Second, learn more about what your room-mate expects when it comes to tidying a kitchen. Here you can ask, when you think you're done, if the kitchen is ok for your room-mate, and if it is not, fix it immediately. This will perhaps improve things with the room-mate, and may clarify to you whether these requests are reasonable or not. You may have a better relationship with future room-mates as a result.

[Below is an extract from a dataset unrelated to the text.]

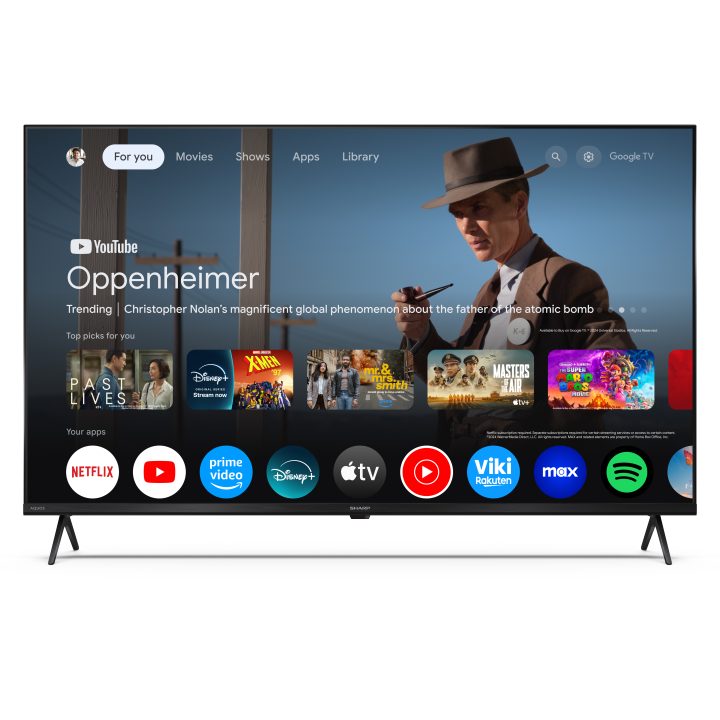 Sharp 50HP5265E Televisor 50" 4K Ultra HD Smart TV Wi-Fi Preto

The reason I suggest these clarifications is that people vary wildly in their feelings about how clean kitchens need to be immediately after cooking, once eating is finished, before bed, etc. (I have had many room-mates, long term house guests, and people I've done camping with over the decades.) Some people are fine with a few dirty dishes in the sink that you will wash in the morning. Others want everything washed and put away. Some people are fine with leaving used items out if there's a chance you'll use them again -- eg reusing the chopping board you used for your lunch salad to prep your dinner on. Others want them washed or put in the dishwasher immediately. Some people are upset because you left the salt and pepper on the dining table instead of returning them to their spot in the kitchen, or left a dishtowel somewhere to dry instead of its official place, and so on. It can be very hard to comprehend and believe the objections of someone who is more tidy than you. Wait, what? You're this upset about the salt shaker? Or the other way around: Seriously, you think because it's soaking in the sink it somehow doesn't count as dirty?

Third, work on having more productive arguments when you argue. For example "you jeopardized my health!" "No I didn't and anyway I had no choice!" is not productive at all. Do you understand exactly what your room-mate is worried about? (For example, going back to work at a nursing home or hospital is much more likely to bring home Covid than going back to work at a three person software development company whose customers and suppliers never visit in person.) This is the same as the kitchen. You need to comprehend what specifically they are objecting to and why. Then you can either accommodate them or deliberately choose to do something you know they object to. You won't feel as bewildered and nervous.